Start of Raw data

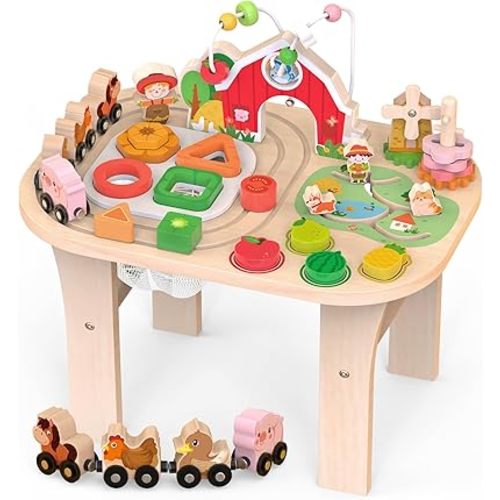 Kids Wooden Farm Activity Table for 1 2 3 Years Old, Montessori Learning Toy with Bead Maze, Shape Sorter & Animal Train, Sensory Development Toy for Toddlers, Educational Gift for Baby Boys Girls 1+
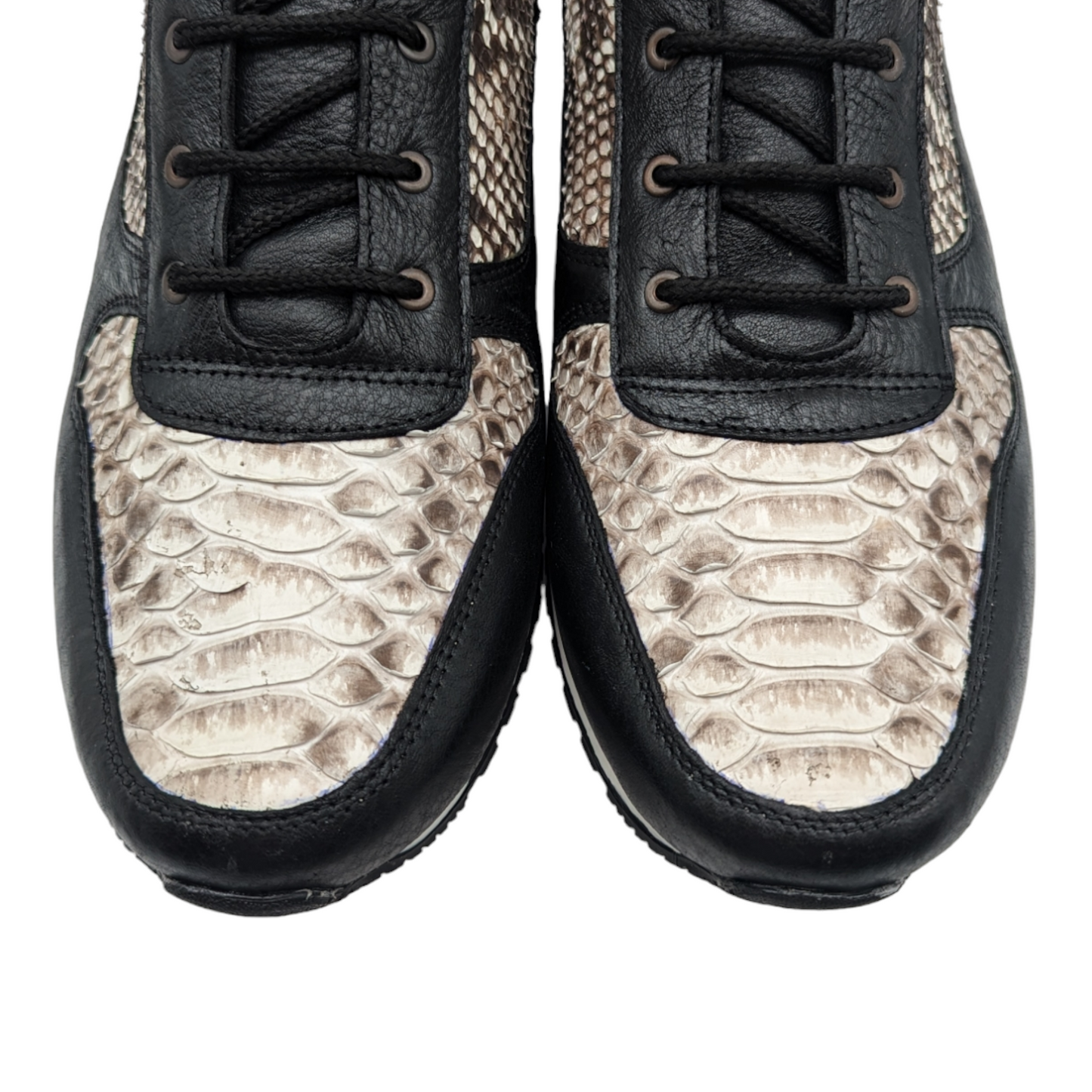 Natural Snakeskin and Black Leather Lace Up Tennis Shoes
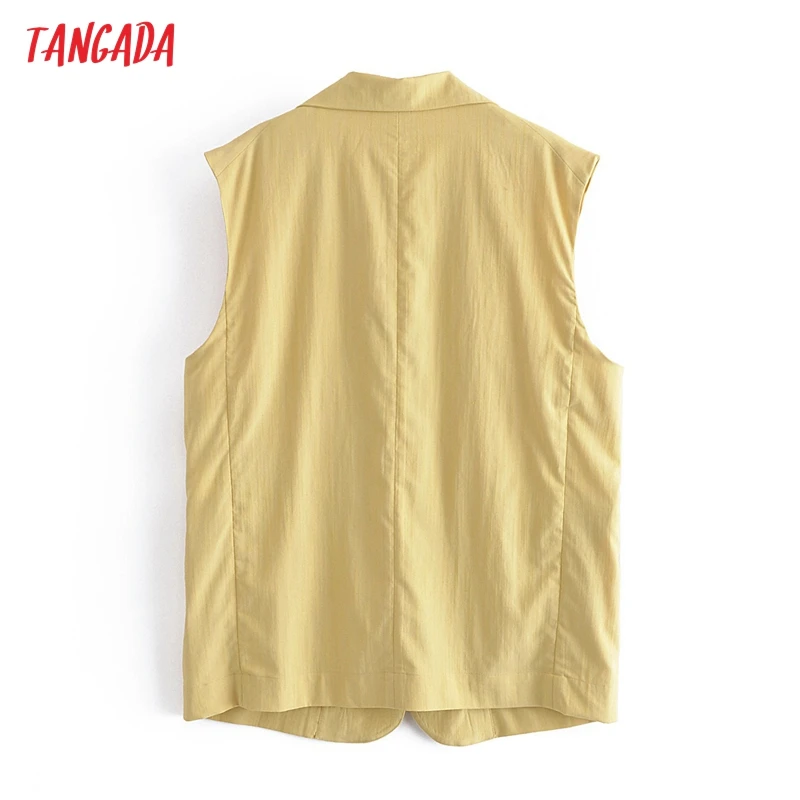 Tangada 2021 Women Vintage Yellow Waistcoat Vest Notched Collar Sleeveless Female Waistcoat Tops 3W187
Tangada 2021 Women Vintage Yellow Waistcoat Vest Notched Collar Sleeveless Female Waistcoat Tops 3W187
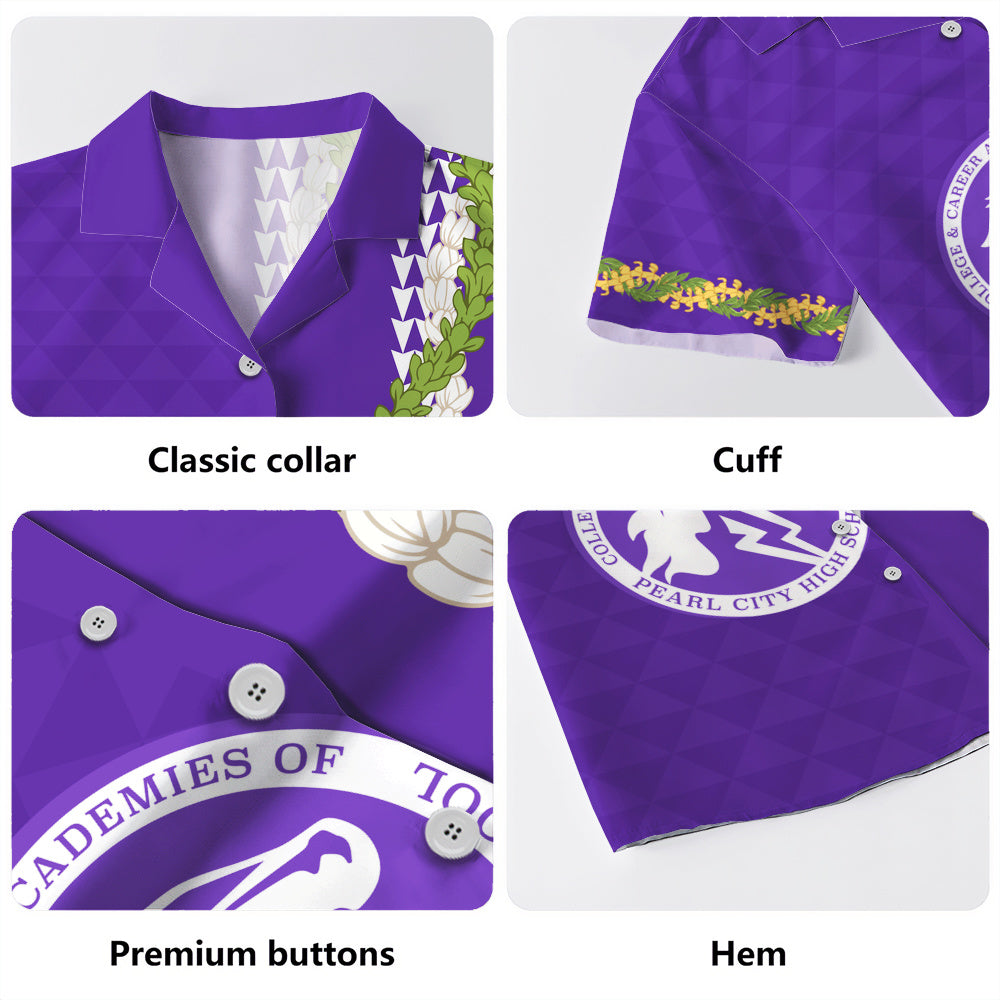 Pearl City High School (Hawaii) Hawaiian Shirt Puakenikeni Maile Flower Lei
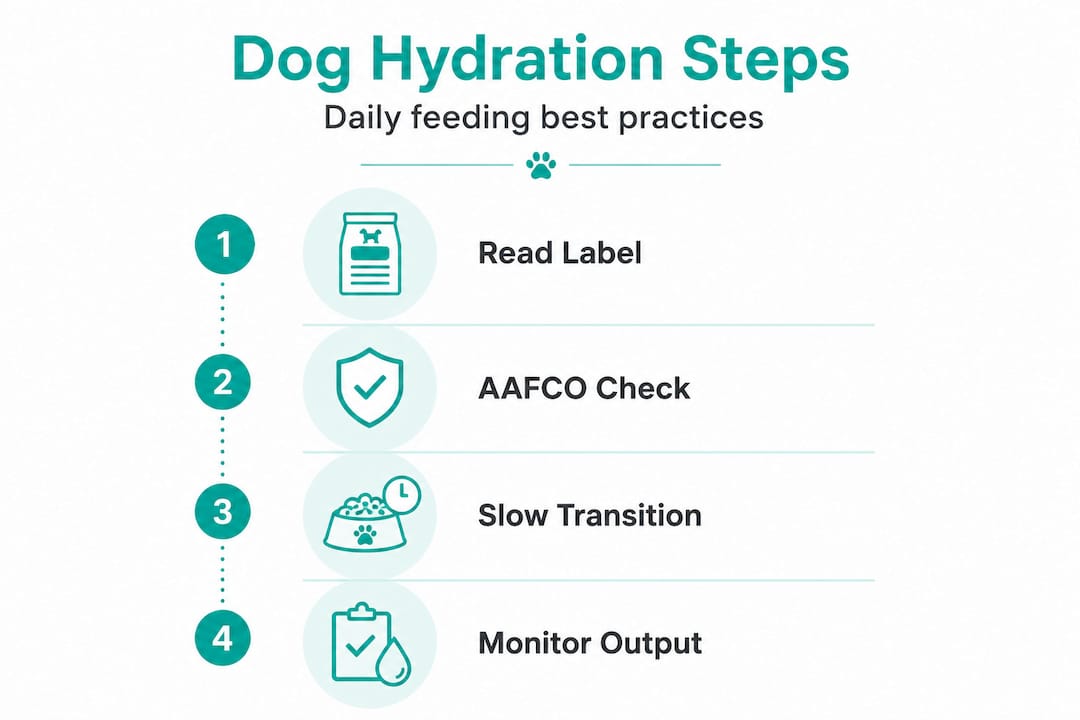 Infographic showing dog hydration best practices steps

End of Raw data

→ **Action item**: Write out the entries above word for word. Do not include the pictures.

→ **Answer to this exercise**:
 Kids Wooden Farm Activity Table for 1 2 3 Years Old, Montessori Learning Toy with Bead Maze, Shape Sorter & Animal Train, Sensory Development Toy for Toddlers, Educational Gift for Baby Boys Girls 1+
 Natural Snakeskin and Black Leather Lace Up Tennis Shoes
 Tangada 2021 Women Vintage Yellow Waistcoat Vest Notched Collar Sleeveless Female Waistcoat Tops 3W187
Tangada 2021 Women Vintage Yellow Waistcoat Vest Notched Collar Sleeveless Female Waistcoat Tops 3W187
 Pearl City High School (Hawaii) Hawaiian Shirt Puakenikeni Maile Flower Lei
 Infographic showing dog hydration best practices steps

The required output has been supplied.